There are two sex-scenes in the first three episodes (as far as I’ve gotten to-date) that set me thinking.  The first shows Marty getting it on with his hottie from the DA’s office.  She’s naked, he’s not.  The second shows him doing the same with his wife; she’s naked, he’s not.  How come women get naked but not men, I asked my wife?  “Sexism,” she replied.  Not acceptable to show naked men on TV.  (I avoid the word “nude,” which I associate with art history.)  “Not that I want to see those guys with their clothes off, anyway,” she said.  Point taken.  But it emphasizes that it’s a man’s world we are seeing on the screen.
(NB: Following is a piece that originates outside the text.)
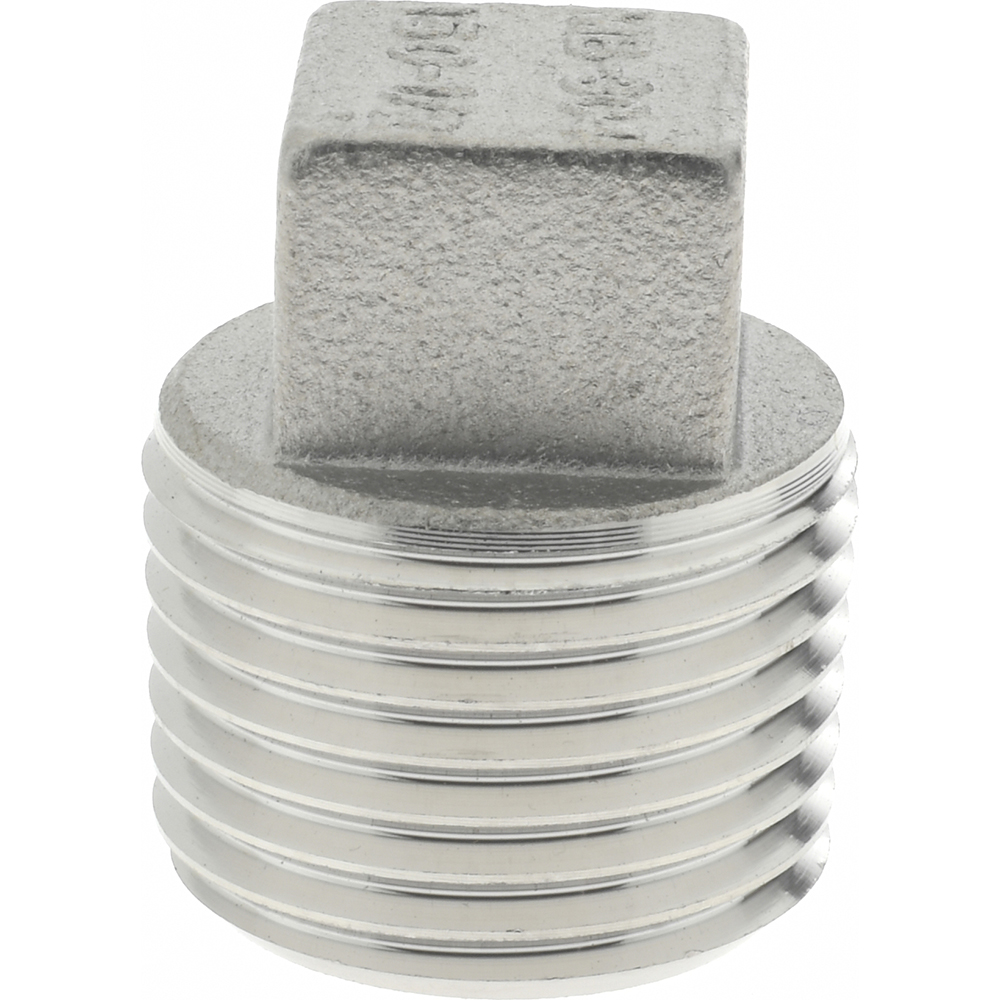 Merit Brass Pipe Square Head Plug: 3/4", 316 Stainless Steel - K617-12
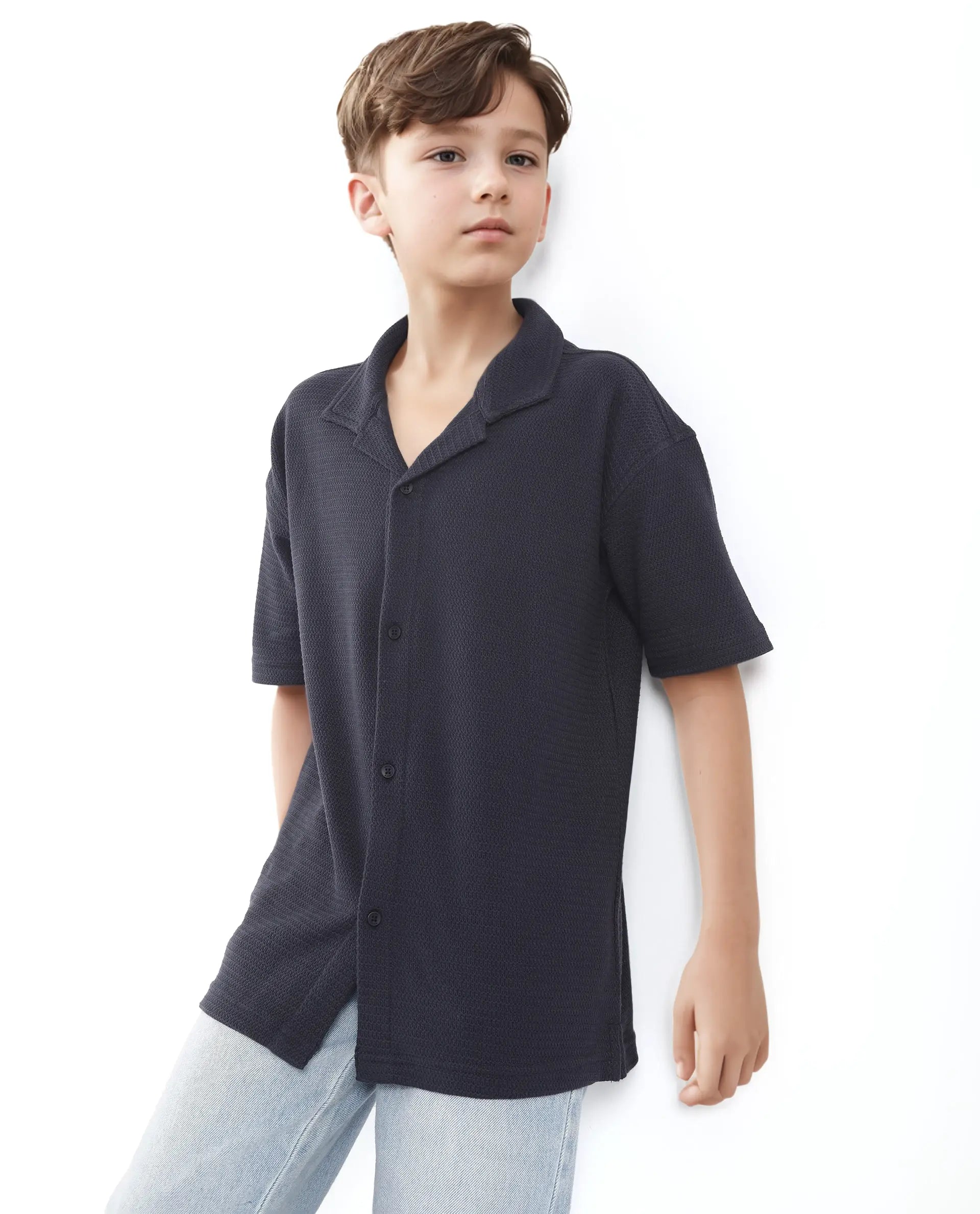 Boys Navy Casual Regular Fit Solid Half Sleeves Shirt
And what is the point of these scenes?  The first was to deepen Marty’s character: it was supposed to be a bit of a shock after hearing him go on about family values so much to anyone within hearing, and there was only a brief hint earlier of his philandering.  The second..?  My wife again:  “It was supposed to show that he was a tortured soul.”  To me, he just seems like a guy with a lot of deeply held and self-serving ideas.  But then, I’m partial to the philosopher of the pair who questions all…  And I guess the fact that his deeply held ideas aren’t helping him so much is part of the drama after all.

Overall, a higher order of television than I’m used to!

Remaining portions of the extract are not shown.